This is the VOA Special English Education Report.

American public education activist Reg Weaver has been elected president of the National Education Association. The N-E-A is the country’s largest employee organization for professional workers.

It has two-million-seven-hundred-thousand members. Most of them are teachers. Administrators and other school employees also belong to this union. The National Education Association works to increase pay for teachers and improve public education.

Mister Weaver formerly taught science for thirty-five years in a school near Chicago, Illinois. He has been N-E-A vice president since nineteen-ninety-six. He is the fourth African-American elected to lead the union in its one-hundred-forty-five-year history.

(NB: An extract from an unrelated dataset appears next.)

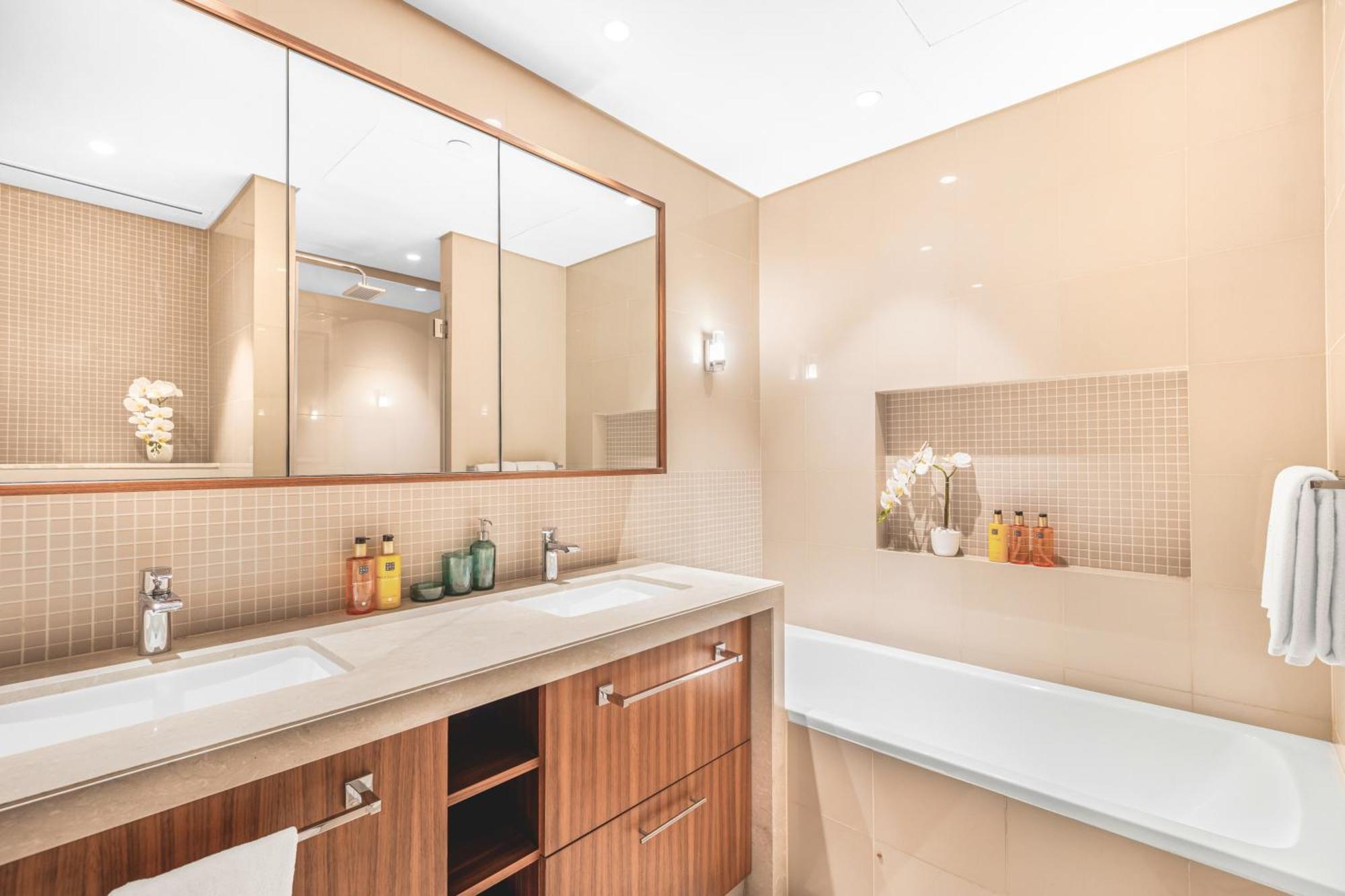 Eden's Homes & - Boulevard Point Apartamento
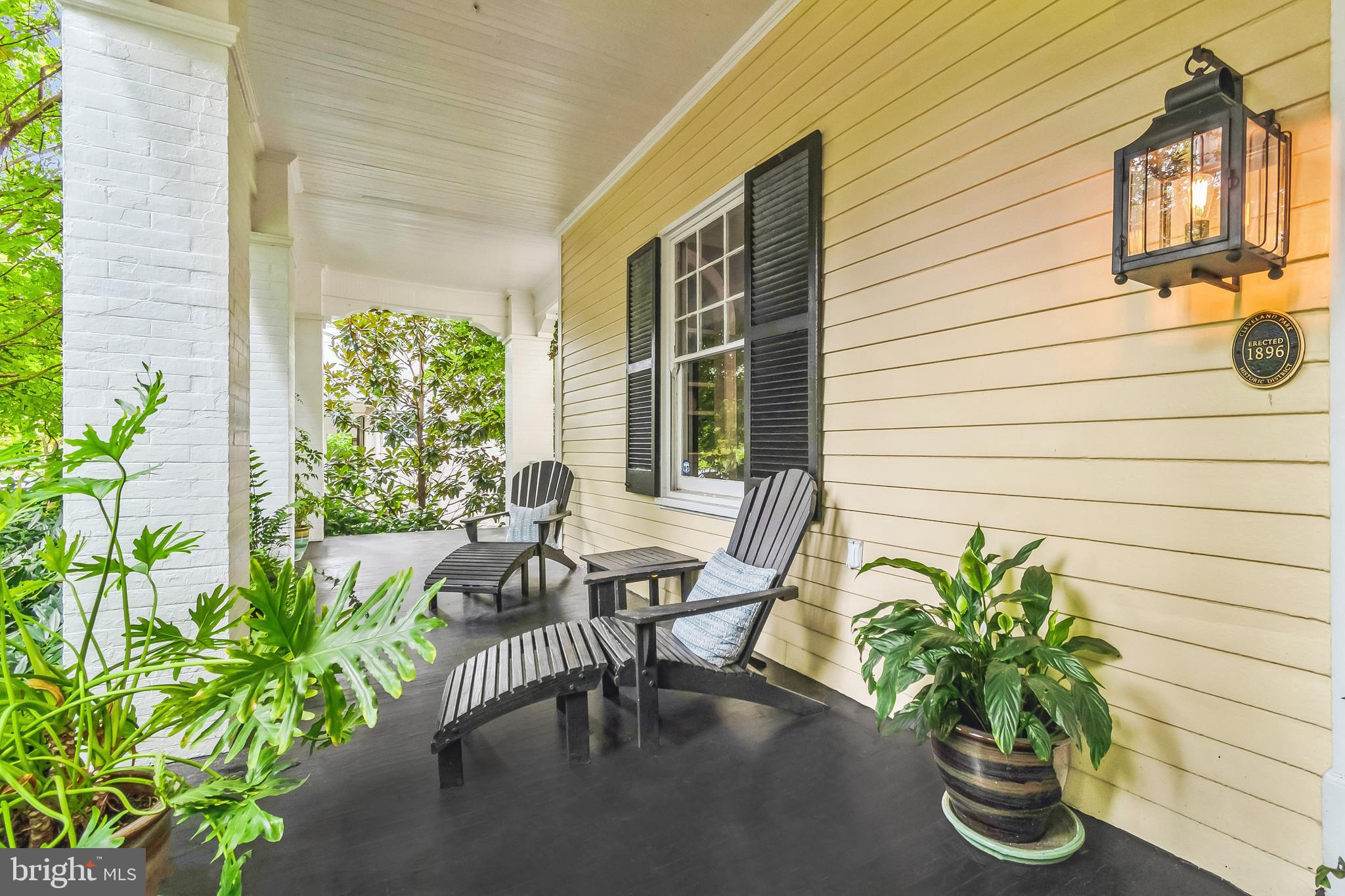 CLEVELAND PARK - Residential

N-E-A delegates elected Mister Weaver to a three-year term during their yearly policy meeting. About nine-thousand delegates attended the meeting last month in Dallas, Texas. The delegates discussed several important issues, including a recently passed law aimed at educational reform. The law is called the Elementary and Secondary Education Act. N-E-A officials say they will work to get more money for schools than the act currently provides. They also will try to help minority and other students do better in school.

The education law also provides for yearly testing of student progress and judgment of teacher performance. N-E-A delegates voted to develop new ways to measure progress besides testing.

The National Education Association also will oppose the development of more educational voucher programs. Voucher programs let poor students in failing public schools use public money to attend private schools, including religious schools. Public schools are free, but private schools cost money to attend.

The N-E-A says it is wrong to take needed government money from public schools and use it for students to attend private schools. Union officials say public schools should be supported and improved.

The National Education Association began in eighteen-fifty-seven. Over the years it joined with other groups of school employees. School administrators led the N-E-A for a long time. By the middle of the nineteen-sixties, however, teachers controlled almost all N-E-A positions.